Though this photo, taken by Henry Gesler on 9th September 1934 is just over 85 years old, most old time residents of Boonah would recognise the view as down the hill towards the town on the Ipswich-Boonah Road before the housing began to expand to the north in the 1980s.
This reasonably steep slope towards the town today becomes Coronation Drive, but was known as long as locals can remember it as McCourt’s Hill.

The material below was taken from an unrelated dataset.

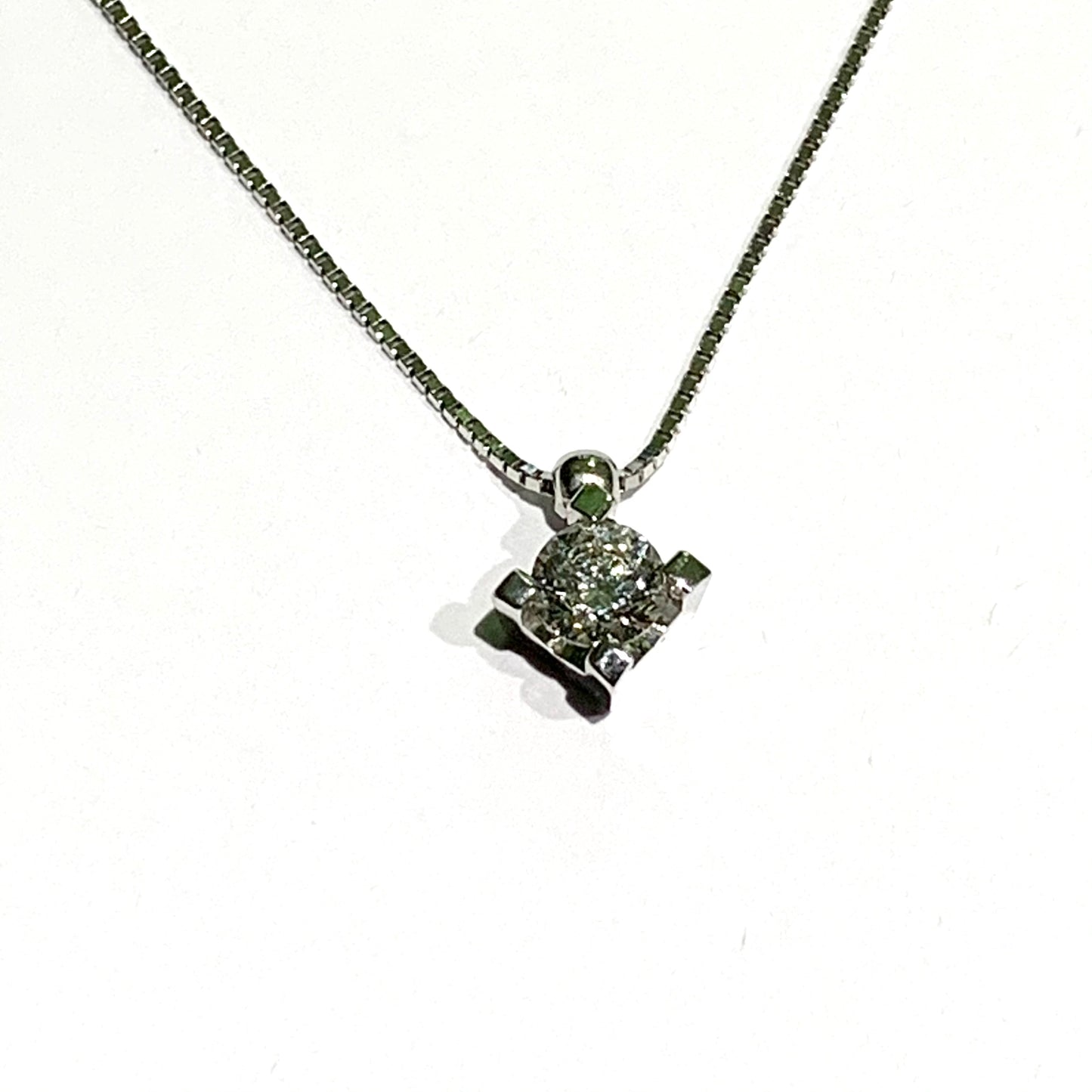 Collana in oro bianco 18kt con diamante solitario. Lunghezza catena 42 cm. Caratura diamante 0,40. Dimensioni diamante 0,5 cm. Spedizione gratuita con confezione regalo.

Old Fassifern Guardian articles from the 1930s also informally apply the same surname to the famous old timber ‘white bridge’ over the Teviot at Dugandan, the forerunner of the present bridge, calling it – with good reason – McCourt’s Bridge. The 77 foot ironbark poles for that bridge came down from McCourt land on Mt French’s South Peak at Frenches Creek, on bullock wagons that included the three that belonged to McCourts. The bridge was situated close to one of the early McCourt stores at Dugandan.
It was a previous store of John McCourt, however, which gave the local name of McCourt’s Hill to the slope down into what would become Boonah - especially after the 1887 Dugandan flood which inundated the budding township there and gave impetus to the development of higher ground in Boonah.
Both the Fassifern Guardian and the Queensland Times mentioned the local name for McCourt’s Hill when John McCourt died on 26th July 1926 aged 79. The Queensland Times article is the most expansive, and says “One of the approaches to Boonah via Milbong and Coulson is known as McCourt’s Hill. It was at this place that he had conducted a general store, and which progressed until, with the advance of settlement, it was removed to Dugandan, where it had been a feature for upwards of 35 years.”
Several years ago now, Scenic Rim Regional Council officially declared the hill to bear the surname all locals knew it by anyway, calling it, if I remember rightly, McCourt Hill. I don’t think a sign has ever been erected to inform visitors of the pioneering family and their contribution to this district.
Exactly when the general store on this hill was established is unknown, but it is thought to have been around 1880. I don’t know where the McCourt family lived and what they did in the intervening time since, I understand, they immigrated from Ireland around 1876. The McCourts were definitely on the hill in 1881 when Coulson School, then called Teviotville, was built. The school would have been several kilometres from the McCourt Store, but would have still been the nearest school. The children would have walked there on a rough track, as the road was then. James McCourt appears on the list of the 1881 children, Annie and Mary Jane McCourt in 1883, and one other McCourt child in 1886. There were 11 McCourt children in all.
No one can be exactly sure, but the original McCourt Store is thought to have been situated just off the main track to Boonah, beside the location of the current Jehovah’s Witness worship centre. The late Selwyn Pfeffer once told me that when builders were excavating foundations for his and Lorna’s house, the machines unearthed a number of old bottles, which may have indicated the location of the old McCourt Store. In 1883 the name of J. McCourt, of Portion 109 Dugandan Rd, as that road would have been called then, appears on a residents’ list as a storekeeper, whose improvements to his holding are “a slab store, barn, and kitchen.” His name is not on the 1889 list, probably because the family had moved to Dugandan.
There is a report that in 1887 a brick kiln was established at Boonah “on top of McCourt’s Hill.” Apparently it didn’t last long because of the amount of standing timber and doubts about the suitability of the clay there.
A Fassifern Guardian article of 30 September 1931, spoke of two past deaths on McCourt’s Hill due to accident: James Hooper, ‘killed on McCourt’s Hill through falling from a horse, Feb 11, 1920, and William Wright, ‘badly hurt on McCourt’s Hill and died in Boonah Hospital about 9 years ago.’ (1922).
It is interesting to compare Henry Gesler’s 1934 photograph of the road descending McCourt’s Hill with the current scene. The road appears to be in basically the same place as today. Out of sight on the left of the photo today is The Outlook. Just a little further up the hill on the right the houses of Range View Acres Estate begin, including our own, developed in the early 1980s. Just back over the hill on the left is Boonah Valley Motel.
In the photo there is more eucalypt tree cover on either side of the road than now. There is no sign of Elliot Road at the bottom of the hill, branching off to go past Boonah Cemetery. In 1934 the fencing is different, the road is gravel, rutted, and black soiled and the telephone or power poles are on the opposite side of the road to now. There is no road or town signage. The Church of Christ buildings, or of course the new Retirement Village project, are missing, but there may just be a glimpse through the blue gums of the farm dam now relocated for The Village. And of course we can’t tell from the photo, but McCourt’s Hill is no longer the boundary to Boonah. McCourt’s General Store has disappeared as the housing advances into the old Dugandan Scrublands northwards.